**How to complete this task:** Every line below from the one containing "PLUG ANAL MÉDIO" through the one containing "imageHISDERN Bow tie" must be transcribed exactly. Omit all lines outside that stretch.

**Input records:**
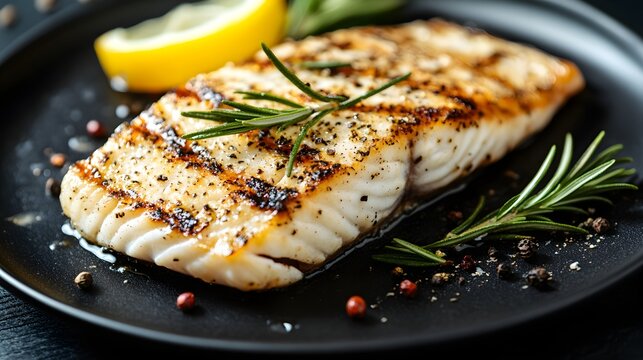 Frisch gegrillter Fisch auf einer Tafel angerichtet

==

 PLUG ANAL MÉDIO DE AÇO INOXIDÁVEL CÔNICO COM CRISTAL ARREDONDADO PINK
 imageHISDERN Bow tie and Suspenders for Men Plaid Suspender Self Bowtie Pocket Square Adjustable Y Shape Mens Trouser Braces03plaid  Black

**Solution for this exercise:**
 PLUG ANAL MÉDIO DE AÇO INOXIDÁVEL CÔNICO COM CRISTAL ARREDONDADO PINK
 imageHISDERN Bow tie and Suspenders for Men Plaid Suspender Self Bowtie Pocket Square Adjustable Y Shape Mens Trouser Braces03plaid  Black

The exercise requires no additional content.